А я шла дальше. Дальше - это обычно было озеро в Кратове. Ближе никакого места, чтобы выкупаться, не было. Иногда на озере я встречала ребят из политкаторжанских дач. Шуру Константинову, мамину двоюродную сестру, дочь той самой Этьки, очень рано умершей, именем которой меня иногда называла Зина. Я как-то издалека боготворила Шуру за красоту уже почти взрослой девушки, и ее присутствие меня сковывало, так что я не очень любила с ней встречаться и купаться. А когда в войну она погибла где-то в партизанском отряде, стала эту нелюбовь к встречам с ней ощущать как некую вину.

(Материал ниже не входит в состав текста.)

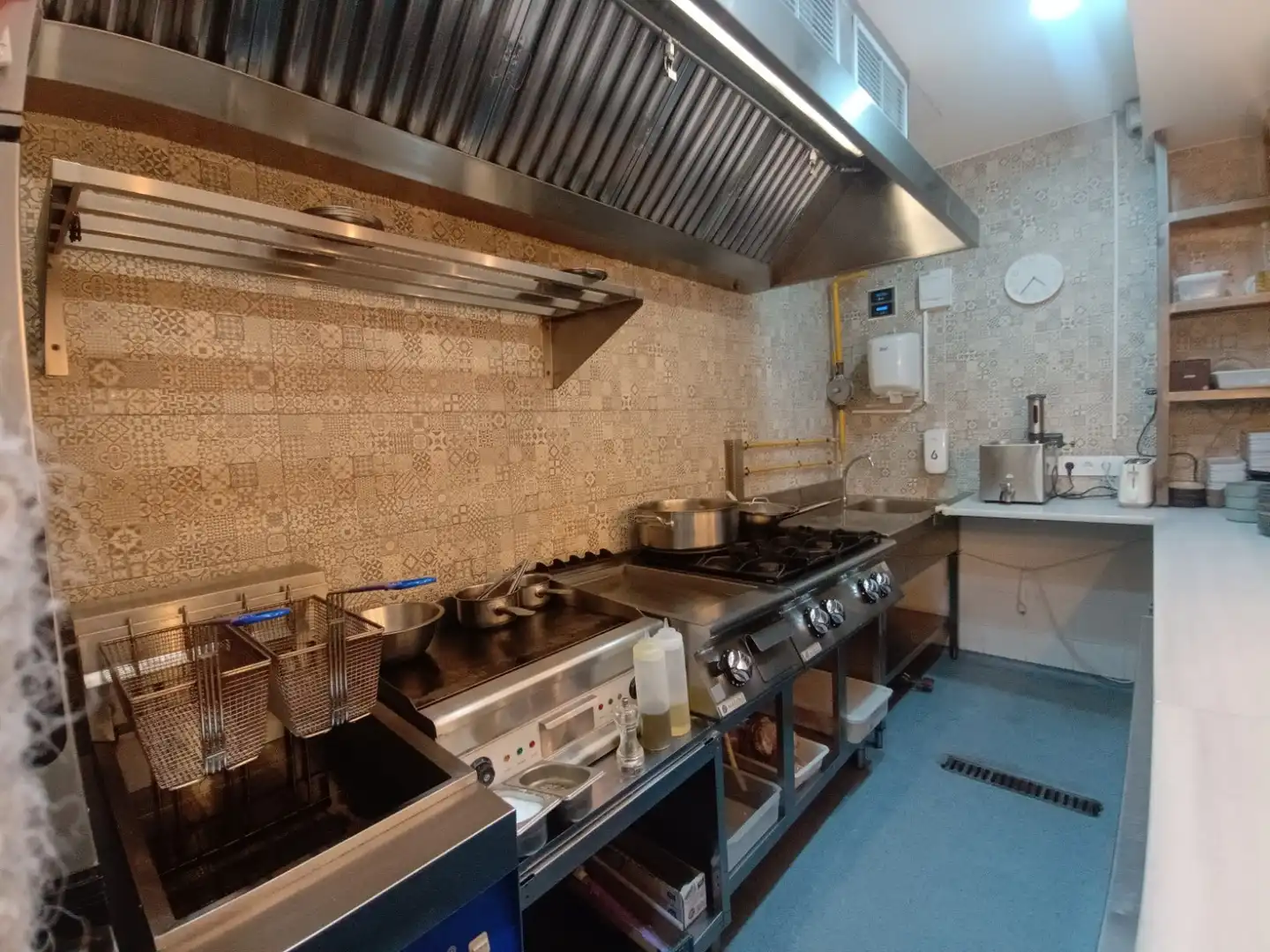 Business premises for transfer in Eixample, imagen 6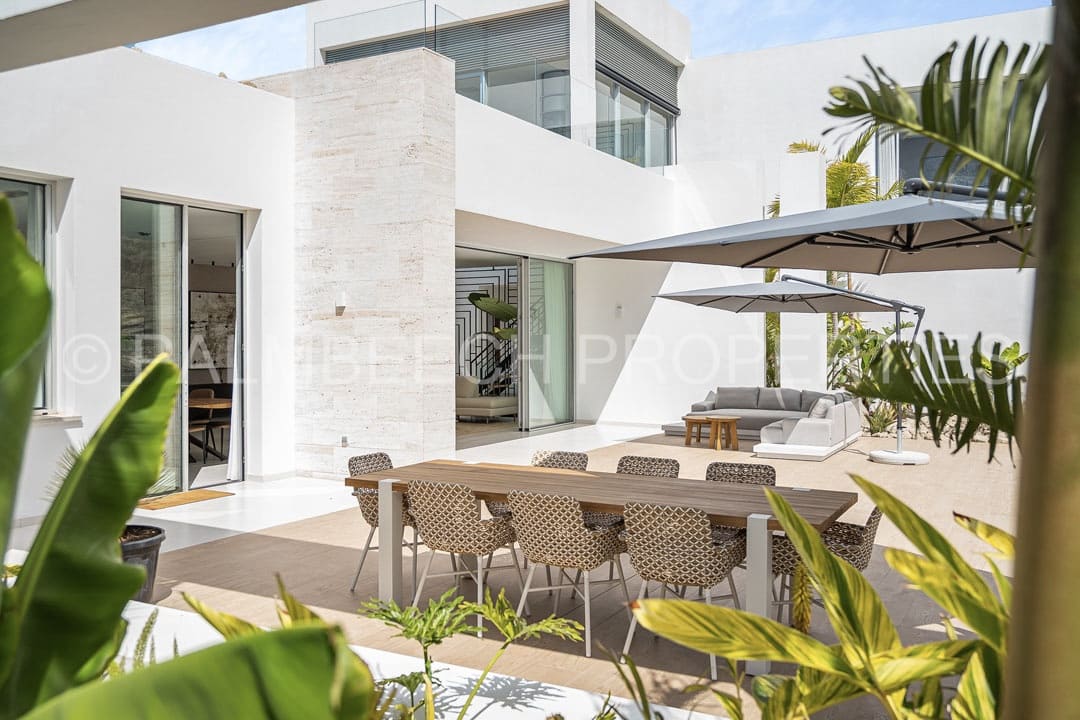 5 soveværelse Villa til salg i La Caleta Adeje med swimmingpool garage - € 6.150.000 (Ref: 6958633)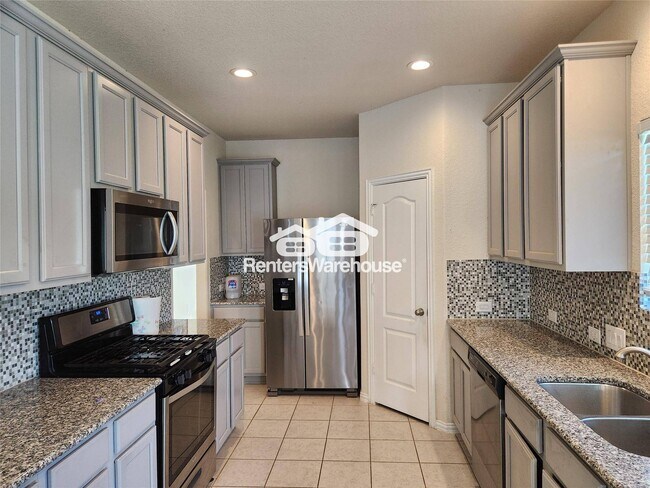 Foto del edificio - 12708 S Shore Dr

Чаще других на озере я общалась с мальчиками Гастевыми. Их было трое. Почти взрослый серьезный Петя мне очень нравился, но не так, чтобы этого стесняться, а просто. Он потом погиб на фронте. Средний - Ляська - был чуть старше меня, и все детство и юность я самоуверенно полагала, что он в меня влюблен, но, может, так и было. Его арестовали в 1941-м, и потом я встретилась с ним только году в шестидесятом - у каждого была своя жизнь, и встречи почти не получилось. Он теперь пишет серьезные, настоящие книги по искусству. Когда я их читаю, то как-то странно и неопределенно ощущаю в них прежнего Ляську. Младший был Юрка. Он тогда был совсем маленький, на год младше нашего Егорки. А теперь где-то, как говорят на нынешнем сленге, "за бугром".